For your example: suppose you have implemented an add function for your fancy new data type (perhaps it's a crazy vector/tensor thing, whatever).
Here are some properties that you might want to check:
a + b == b + a
a + (b + c) = (a + b) + c
a + (-a) == 0
For all a and b and c, and assuming that these properties are actually supposed to hold in your domain, and that you have an additive inverse (-). Eg many of them don't hold for floating point numbers in general, so it's good to note that down explicitly.
Depending on your domain (eg https://en.wikipedia.org/wiki/Tropical_semiring), you might also have idempotence in your operation, so a + b + b = a + b is also a good one to check, where it applies.
You can also have an alternative implementation that only works for some classes of cases. Or sometimes it's easier to prepare a challenge than to find it, eg you can randomly move around in a graph quite easily, and you can check that your A* algorithm you are working on finds a route that's at most as long as the number of random steps you took.
> 2. Despite some anecdata in the comments here, the chances are slim that this approach will find edge cases that you couldn't think of. You basically just give up and leave edge case finding to chance.

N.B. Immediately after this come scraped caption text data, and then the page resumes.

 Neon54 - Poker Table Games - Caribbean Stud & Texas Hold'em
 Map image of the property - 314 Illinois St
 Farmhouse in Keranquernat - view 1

Testing for 0 or -1 or 1-more-than-list-length are obvious cases which both you the human test writer and some test framework can easily generate, and they are often actual edge cases. But what really constitutes an edge case depends on your implementation. [...]

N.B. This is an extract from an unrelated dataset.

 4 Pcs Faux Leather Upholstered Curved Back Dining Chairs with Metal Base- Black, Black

You'd be surprised how often the generic heuristics for edge cases actually work and how often manual test writers forget that zero is also a number, and how often the lottery does a lot of the rest.

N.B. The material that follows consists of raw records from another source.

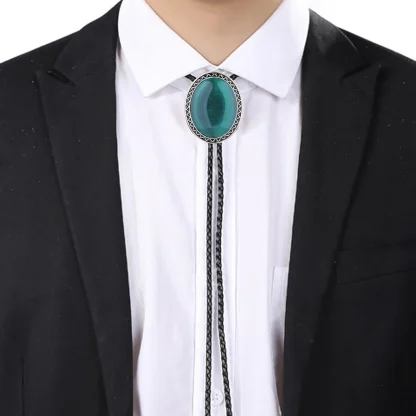 Gemstone-like Bolo Tie with Scorpion Design - Image 13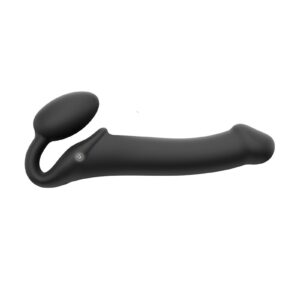 Strap-On-Me – Buigbare Strap-On Vibrator met Afstandsbediening Maat L – Zwart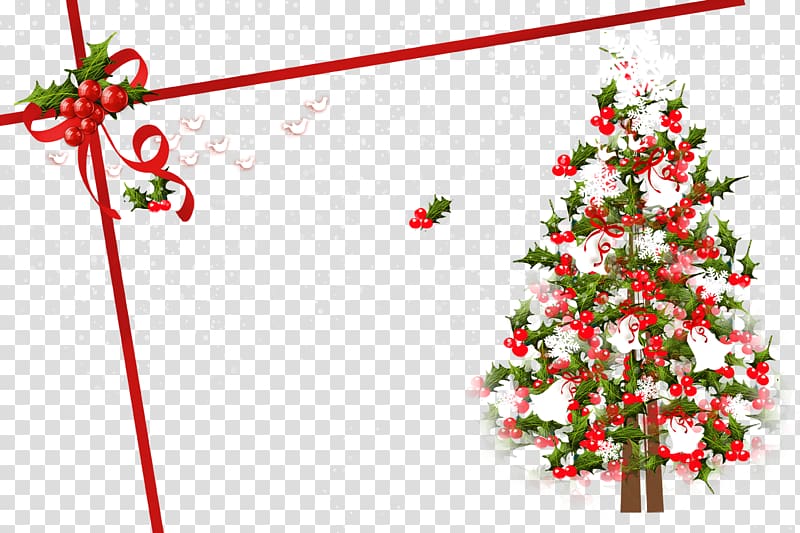 Post Cards Christmas tree Christmas card, Creative Christmas transparent background PNG clipart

Having said this: Python's Hypothesis is a lot better at its heuristics for these edge cases than eg Haskell's QuickCheck.
> a + b == b + a
> a + (b + c) = (a + b) + c
> a + (-a) == 0
Great! Now I have a stupid bug that always returns 0, so these all pass, and since I didn't think about this case (otherwise I'd not have written that stupid bug in the first place), I didn't add a property about a + b only being 0 if a == -b and boom, test is happy, and there is nothing that the framework can do about it.
Coming up with those properties is hard for real life code and my main gripe with formal methods based approaches too, like model checking or deductice proofs. They move the bugs from the (complicated) code to the list of properties, which ends up just as complicated and error prone, and is entirely un...tested.
Contrast that with an explicit dead-simple test. Test code doesn't have tests. It needs to be orders of magnitudes simpler than the system it's testing. Its correctness must be obvious. Yes, it is really hard to write a good test. So hard that it should steer how you architect your system under test and how you write code. How can I test this to have confidence that it's correct? That must be a guiding principle from the first line of code. Just doing this as an afterthought by playing lottery and trying to come up with smart properties after the fact is not going to get you the best outcome.
For the example it would be easily caught with PBT by testing the left and right identities for addition.
In general though, the advice is don't excessively dogmatic. If you can't devise a property to test, use traditional testing with examples. It's not that hard. Same way to deal with the problem of end-to-end tests or unit tests not being useful for certain things, use the appropriate test style and approach to your problem.